=== Requirement ===
From the first line of the data below, repeat each line exactly until you reach the line with "VERFSTIFT POSCA PC3M F LICHTBLAUW"; include that line too.

=== Extracted information ===
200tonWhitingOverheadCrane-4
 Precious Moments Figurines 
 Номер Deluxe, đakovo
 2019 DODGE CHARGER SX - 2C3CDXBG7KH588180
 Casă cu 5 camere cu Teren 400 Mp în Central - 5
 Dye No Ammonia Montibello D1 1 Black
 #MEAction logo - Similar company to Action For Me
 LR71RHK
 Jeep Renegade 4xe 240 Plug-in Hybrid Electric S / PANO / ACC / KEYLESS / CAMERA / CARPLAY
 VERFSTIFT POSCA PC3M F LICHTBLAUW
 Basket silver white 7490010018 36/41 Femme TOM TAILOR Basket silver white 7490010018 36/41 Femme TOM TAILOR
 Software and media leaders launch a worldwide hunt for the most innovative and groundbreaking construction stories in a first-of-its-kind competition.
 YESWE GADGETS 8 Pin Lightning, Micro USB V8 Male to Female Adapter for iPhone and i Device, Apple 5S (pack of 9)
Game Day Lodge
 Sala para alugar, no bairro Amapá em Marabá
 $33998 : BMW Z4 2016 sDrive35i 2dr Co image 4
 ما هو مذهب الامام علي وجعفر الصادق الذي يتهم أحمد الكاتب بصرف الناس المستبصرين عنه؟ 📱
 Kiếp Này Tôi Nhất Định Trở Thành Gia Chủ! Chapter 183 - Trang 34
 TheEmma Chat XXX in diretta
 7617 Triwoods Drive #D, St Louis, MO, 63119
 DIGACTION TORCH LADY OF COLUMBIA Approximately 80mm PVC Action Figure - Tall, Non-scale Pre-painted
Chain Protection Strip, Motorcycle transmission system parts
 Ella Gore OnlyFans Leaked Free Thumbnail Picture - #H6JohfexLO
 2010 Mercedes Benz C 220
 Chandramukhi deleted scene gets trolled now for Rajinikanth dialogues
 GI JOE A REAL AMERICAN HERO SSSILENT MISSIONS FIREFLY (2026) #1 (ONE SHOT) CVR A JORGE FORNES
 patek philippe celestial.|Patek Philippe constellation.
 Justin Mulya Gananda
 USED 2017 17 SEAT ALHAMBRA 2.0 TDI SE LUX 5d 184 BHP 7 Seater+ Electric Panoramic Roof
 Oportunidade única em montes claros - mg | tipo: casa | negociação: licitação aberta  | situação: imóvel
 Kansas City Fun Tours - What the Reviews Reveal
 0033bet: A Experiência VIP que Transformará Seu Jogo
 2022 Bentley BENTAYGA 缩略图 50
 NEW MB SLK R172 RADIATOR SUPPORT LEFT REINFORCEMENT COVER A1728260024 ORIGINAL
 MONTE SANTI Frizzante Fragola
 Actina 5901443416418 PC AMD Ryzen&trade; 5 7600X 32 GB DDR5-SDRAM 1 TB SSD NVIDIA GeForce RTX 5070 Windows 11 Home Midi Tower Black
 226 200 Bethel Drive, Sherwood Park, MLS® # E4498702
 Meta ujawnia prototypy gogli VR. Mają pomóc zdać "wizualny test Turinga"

=== Solution to the problem ===
200tonWhitingOverheadCrane-4
 Precious Moments Figurines 
 Номер Deluxe, đakovo
 2019 DODGE CHARGER SX - 2C3CDXBG7KH588180
 Casă cu 5 camere cu Teren 400 Mp în Central - 5
 Dye No Ammonia Montibello D1 1 Black
 #MEAction logo - Similar company to Action For Me
 LR71RHK
 Jeep Renegade 4xe 240 Plug-in Hybrid Electric S / PANO / ACC / KEYLESS / CAMERA / CARPLAY
 VERFSTIFT POSCA PC3M F LICHTBLAUW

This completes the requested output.